The National Theatre of Great Britain's production of Alan Bennett's THE HISTORY BOYS, will open on Sunday, April 23, 2006 on Broadway at the Broadhurst Theatre (235 West 44th Street) with the National's Acting Company for a 20-week limited engagement. Previews will begin on Thursday, April 14, 2006.

THE HISTORY BOYS originally opened on May 18, 2004, at the National, where it quickly became a sell-out smash hit. The play, directed by the National's artistic director Nicholas Hytner, won the Evening Standard, Olivier and London Critics' Circle Awards as Best Play.

An unruly bunch of bright, funny sixth-form boys in pursuit of sex, sport and a place at university. A maverick English teacher at odds with the young and shrewd supply teacher. A headmaster obsessed with results and a history teacher who thinks he's a fool. Alan Bennett's THE HISTORY BOYS is about staffroom rivalry, the anarchy of adolescence and the purpose of education.

THE HISTORY BOYS features scenic and costume design by Bob Crowley, lighting by Mark Henderson, sound design by Colin Pink, music by Richard Sisson and video direction by Ben Taylor. Nicholas Hytner's direction will be recreated by Simon Cox.

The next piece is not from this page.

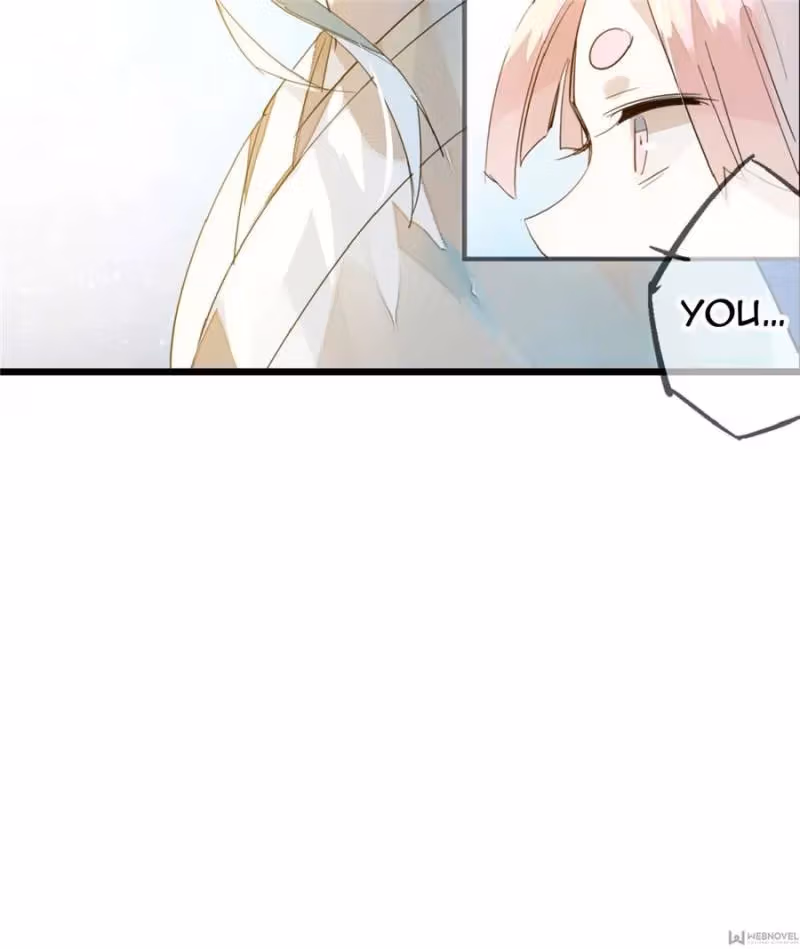 Read Master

In its three theatres on the south bank of the Thames in London, The National Theatre of Great Britain presents an eclectic mix of new plays and classics, with seven or eight productions in repertory at any one time. It aims constantly to re-energize the great traditions of the British stage and to expand the horizons of audiences and artists alike. The most recent work from the NT seen in New York was Jumpers, Democracy, The Pillowman and Primo.

THE HISTORY BOYS will be produced by Boyett/Ostar Productions and The National Theatre of Great Britain.

Ticket information will be announced in coming weeks. Sign up at for more information.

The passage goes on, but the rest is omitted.